_Material for this exercise_

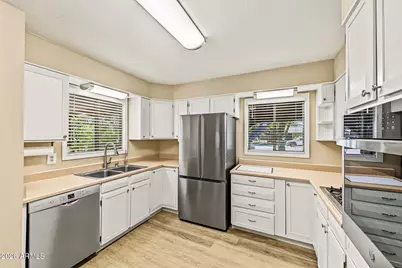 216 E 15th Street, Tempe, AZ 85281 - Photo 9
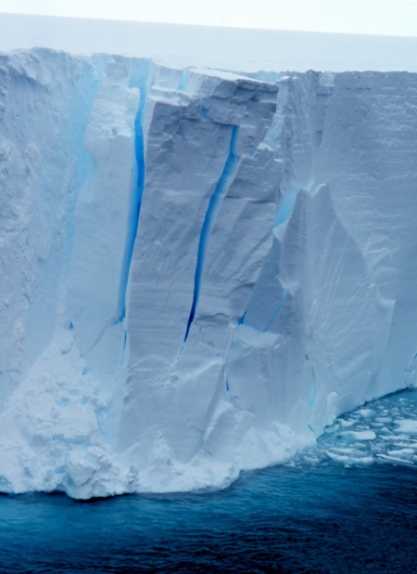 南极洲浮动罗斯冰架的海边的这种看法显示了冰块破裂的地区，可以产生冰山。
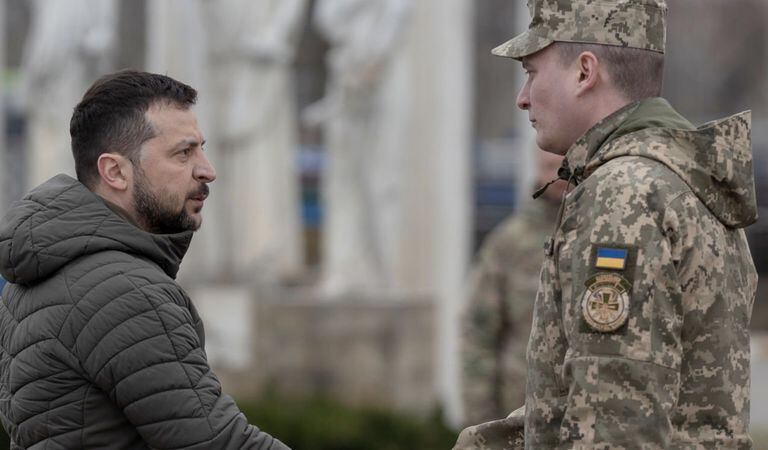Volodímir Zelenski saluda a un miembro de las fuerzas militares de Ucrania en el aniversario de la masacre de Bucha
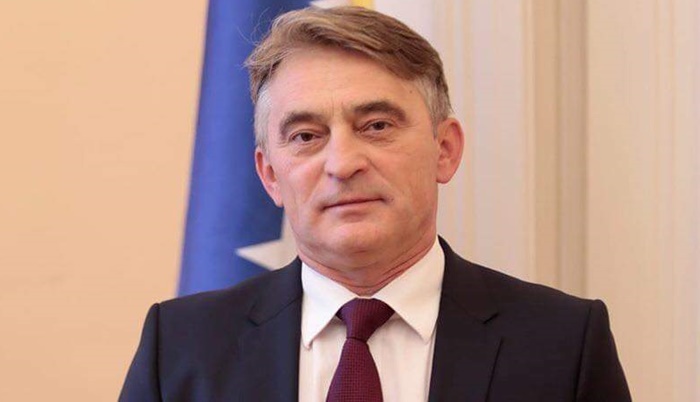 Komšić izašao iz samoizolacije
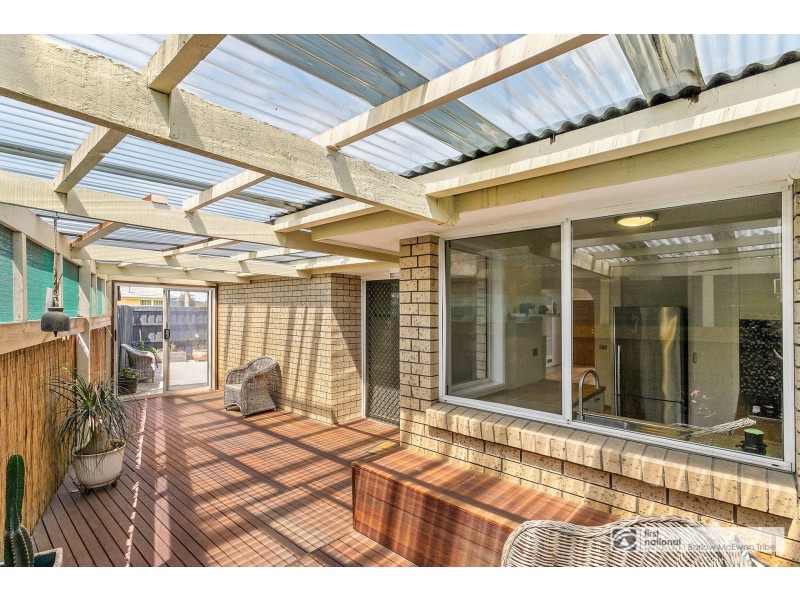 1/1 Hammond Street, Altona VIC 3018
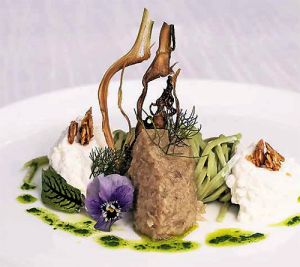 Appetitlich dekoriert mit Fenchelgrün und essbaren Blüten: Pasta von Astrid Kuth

* * *

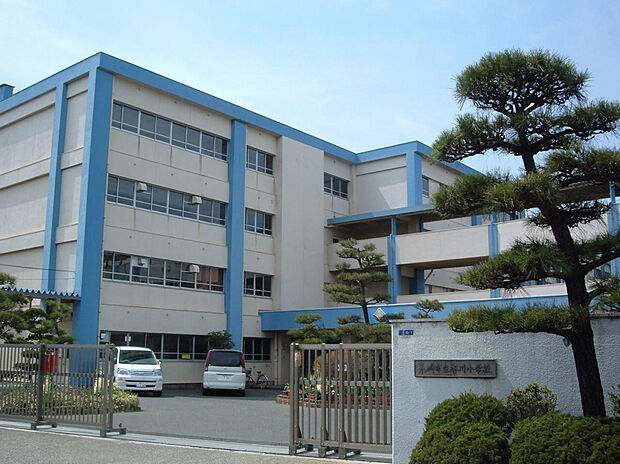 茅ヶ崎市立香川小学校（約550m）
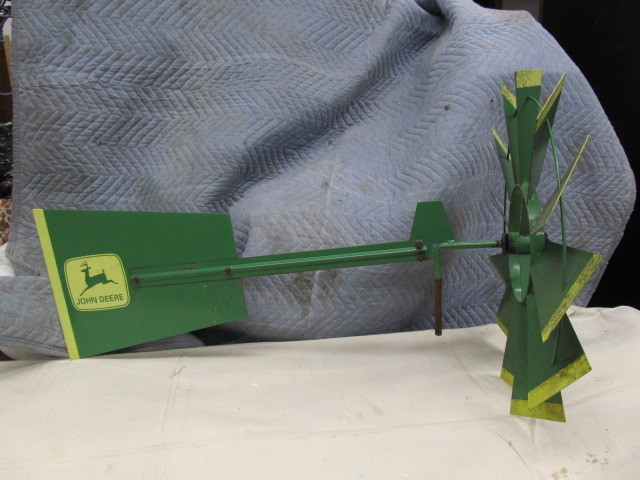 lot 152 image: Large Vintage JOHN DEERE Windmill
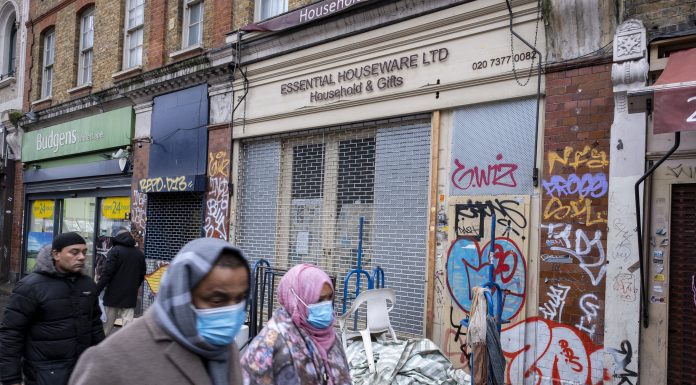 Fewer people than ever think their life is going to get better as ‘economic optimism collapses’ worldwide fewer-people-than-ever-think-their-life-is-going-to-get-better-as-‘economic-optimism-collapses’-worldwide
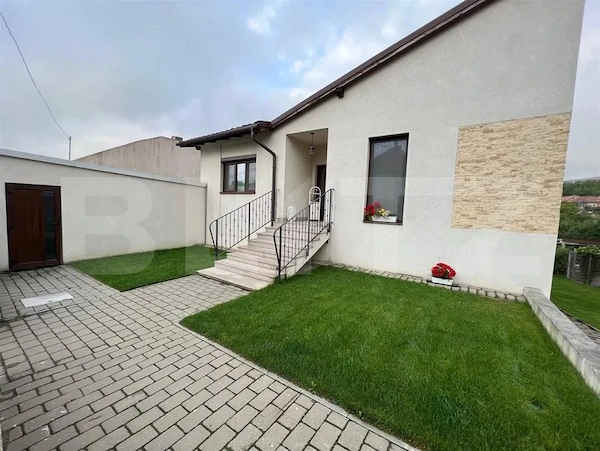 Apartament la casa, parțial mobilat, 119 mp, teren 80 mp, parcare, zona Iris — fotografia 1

...

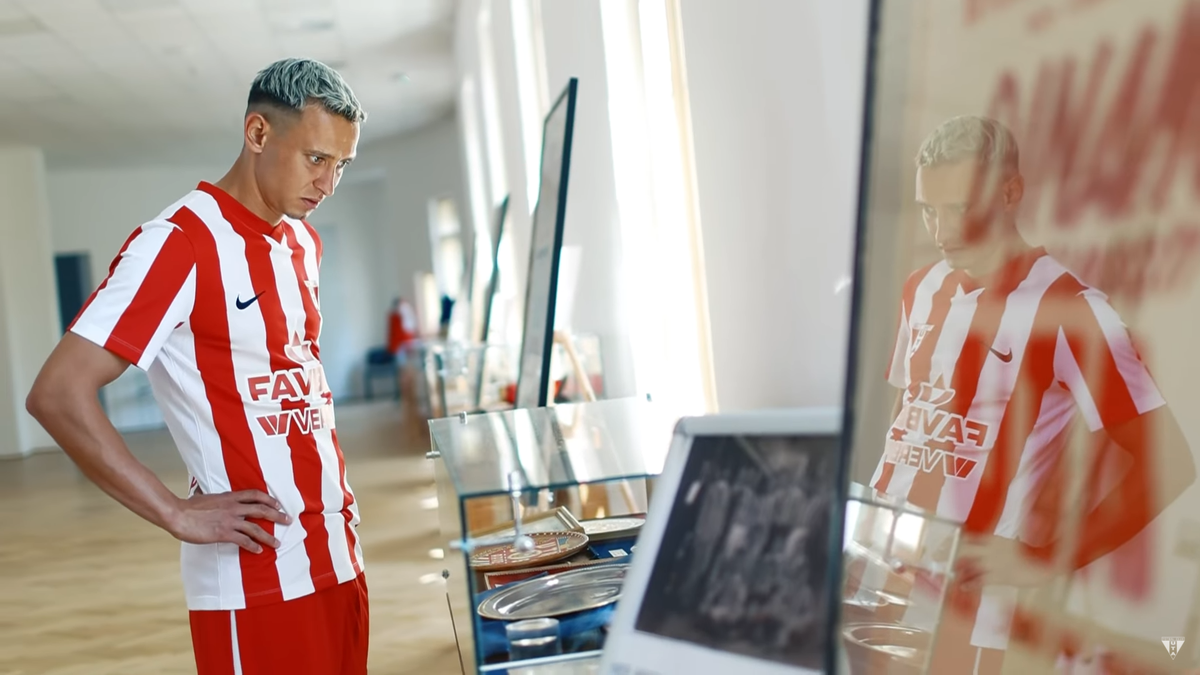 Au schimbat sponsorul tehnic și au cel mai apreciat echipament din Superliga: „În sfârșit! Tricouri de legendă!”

_The problem_
Exactly the lines above from the one that contains "茅ヶ崎市立香川小学校（約550m）" down to the one that contains "Fewer people than" are to be output, both ends kept and pictures omitted.

_Output for this exercise_
 茅ヶ崎市立香川小学校（約550m）
 lot 152 image: Large Vintage JOHN DEERE Windmill
 Fewer people than ever think their life is going to get better as ‘economic optimism collapses’ worldwide fewer-people-than-ever-think-their-life-is-going-to-get-better-as-‘economic-optimism-collapses’-worldwide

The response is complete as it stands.